I'm given a question to suppose that an ice skater on a frictionless surface is attempting to reduce his speed. His initial speed is $v_0$. His deceleration (negative acceleration) is purely due to air resistance, given by $F=-kmv^2$, where $m$ is the skater's mass and $k$ is a constant. From the time when he begins to decelerate, what is his speed at time $t$?
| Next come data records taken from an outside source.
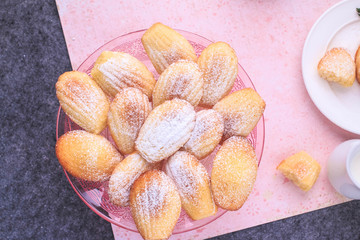 Classic French Madeleines Recipe. Homemade light dessert.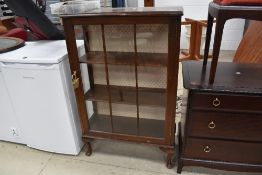 An early 20th Century mahogany display cabinet, approx. Height 111cm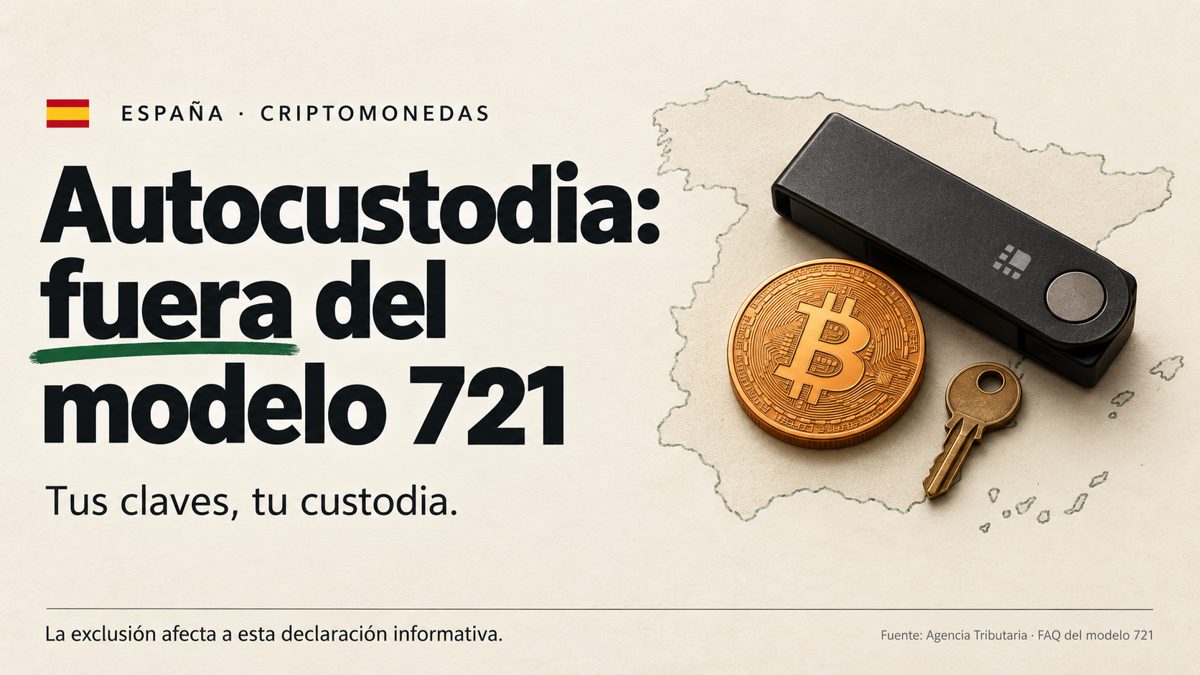 Autocustodia de criptomonedas fuera del modelo 721: moneda de Bitcoin, hardware wallet y llave sobre el mapa de España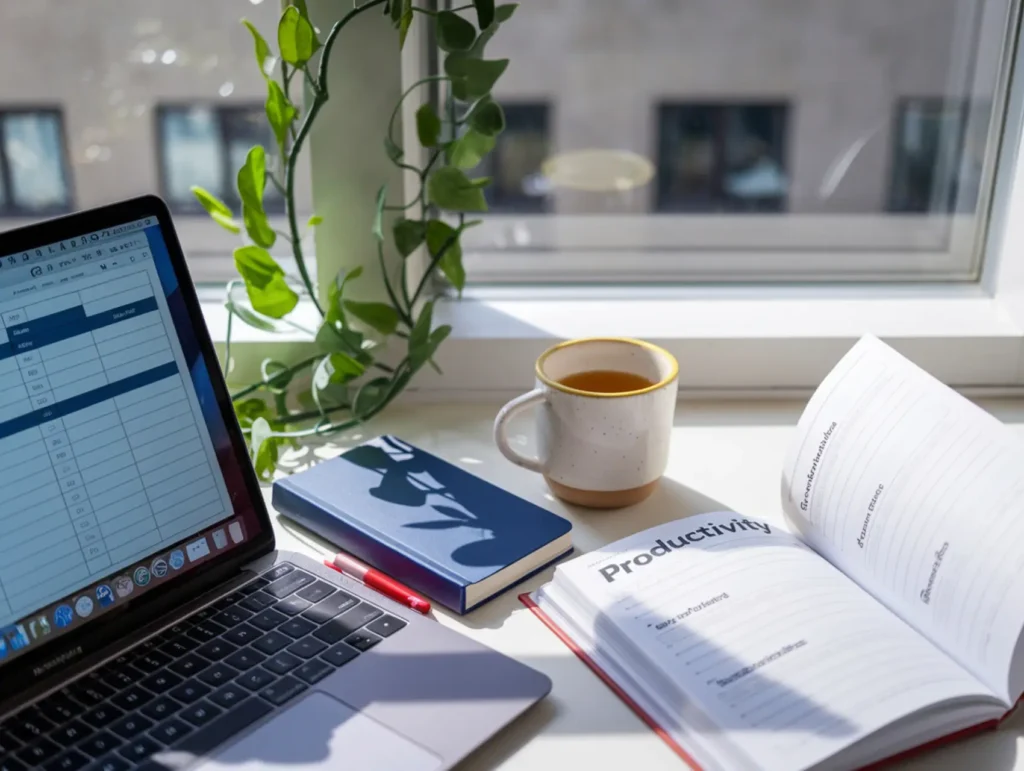 A sunlit workspace featuring a laptop displaying a time tracking spreadsheet alongside a productivity book, ceramic mug of tea, and trailing houseplant by a bright window - audit your time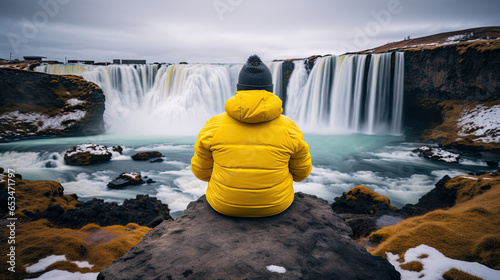 An unrecognizable man, on his back, is sitting on a rock, dressed in a yellow jacket looking at a beautiful and impressive landscape of waterfalls in the background. Artificial intelligence image. 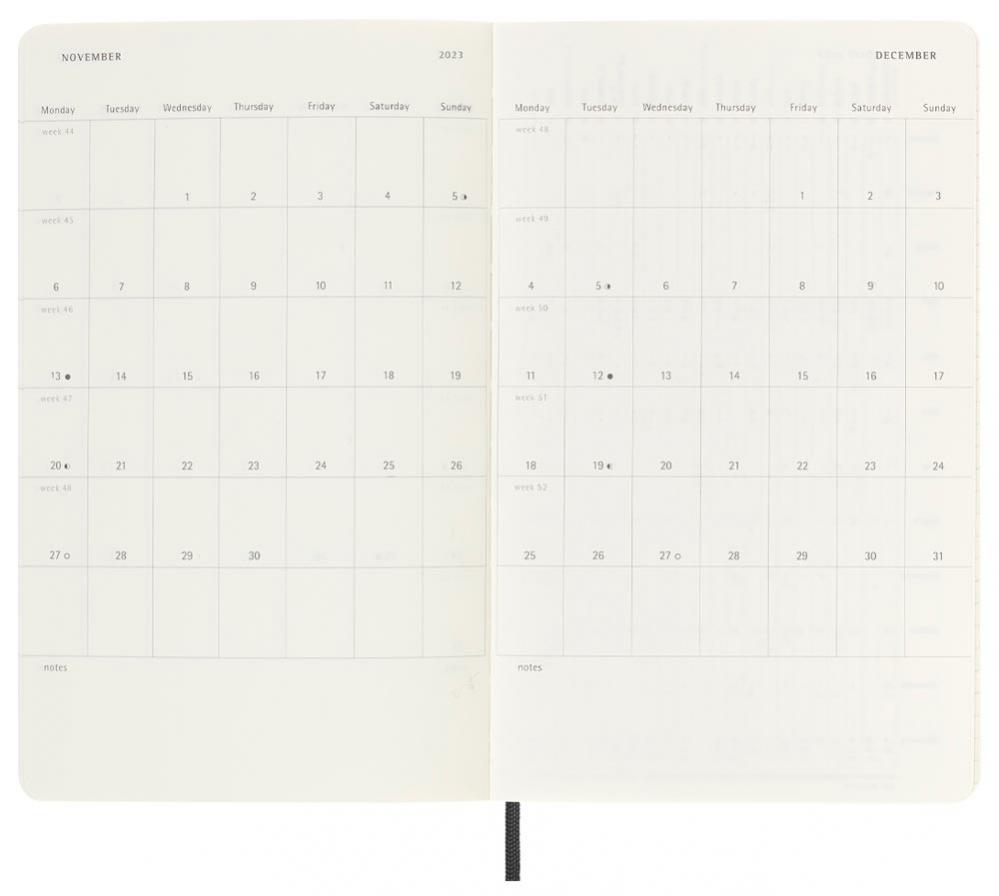 Moleskine Weekly notebook Large Black Soft 2023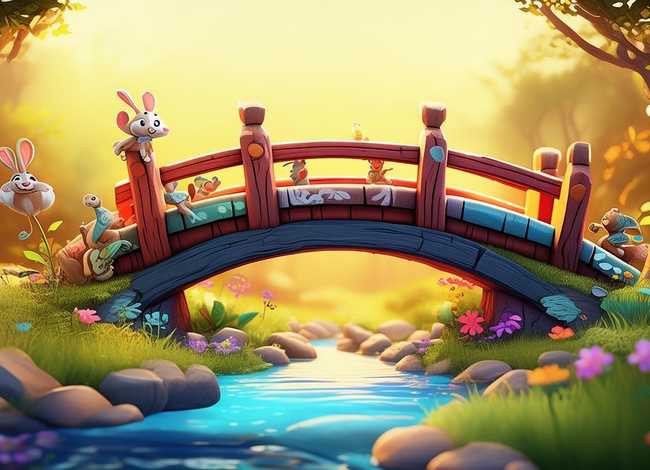 儿童插画小桥、儿童插画小桥图片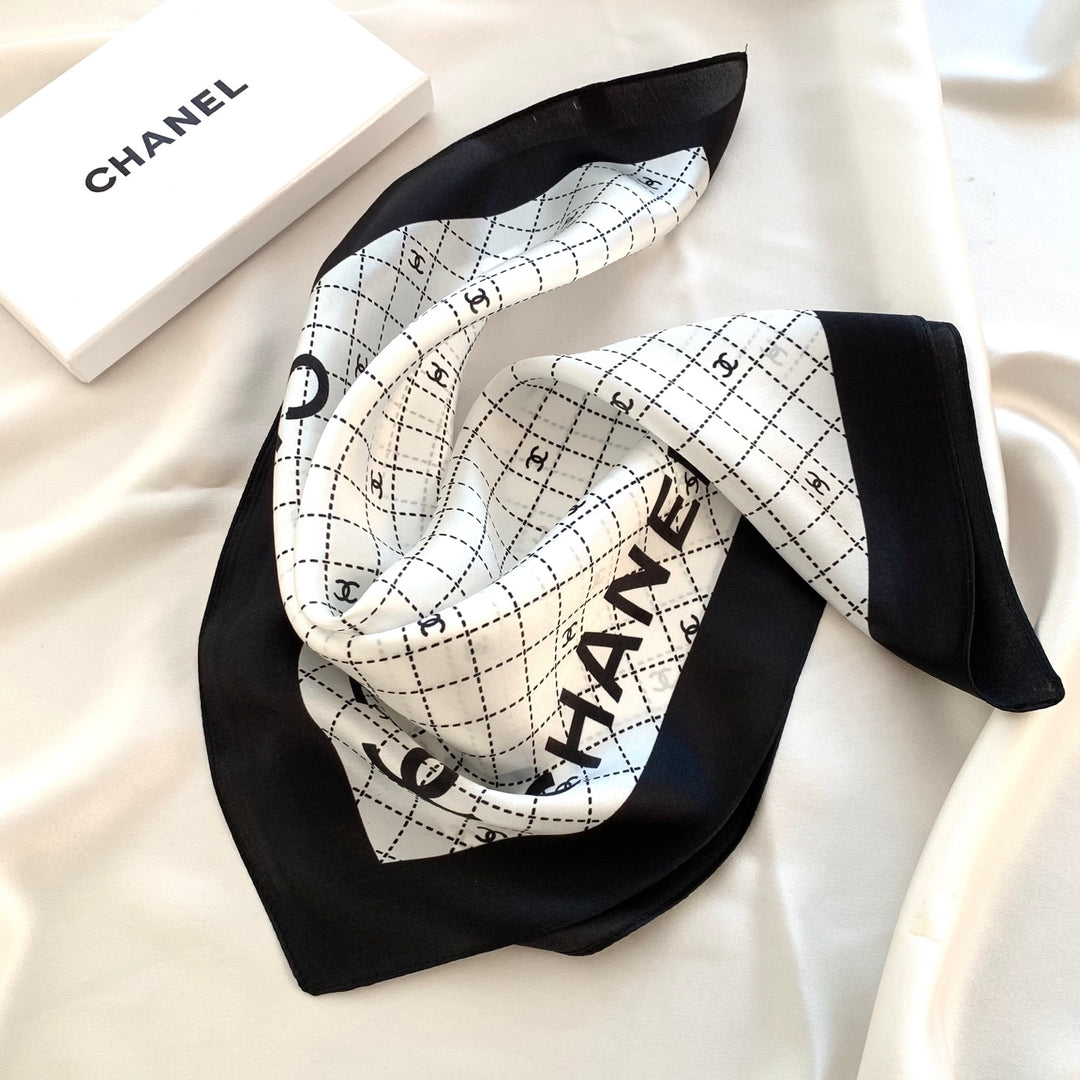 Summer new plaid silk scarf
Obviously, firstly I recognise the force of deceleration $F=ma$ is such that $ma=-kmv^2$ Therefore, $$a=-kv^2$$

To find the speed at time $t$, it should be such that: $$\int a \ dt = \int -kv^2 \ dt $$ $$v=-kv^2t$$

But what I'm confused is that the acceleration/deceleration at a given time already depends on its speed which means my previous equation is already wrong since I cannot treat $v$ as a constant. How am I supposed to take this into consideration to find the speed?

Answer 1

Indeed, you cannot solve it that way because $v$ is a function of time. Instead you treat it as a differential equation: $$a = \frac{d v(t)}{dt}=-k v^2(t)$$

This has the solution $$v(t)=\frac{1}{kt+C}$$ and we can solve for $C$ by using the initial condition $v(0)=v_0$ from which we get $$v(t)=\frac{1}{kt+1/v_0}$$

You can plug that back in to check that it satisfies both the differential equation and the initial condition.

Answer 2

The initial equation should be:

ma = -𝑘𝑣2

Then apply answer 1.

Air resistance is a force, not an acceleration. It is not dependent on the mass of the object - just coefficient of drag, density of the air, and cross sectional area of the object. This equation above maintains a mass term in the solution, which makes sense - more massive objects will experience less deceleration at the same air resistance.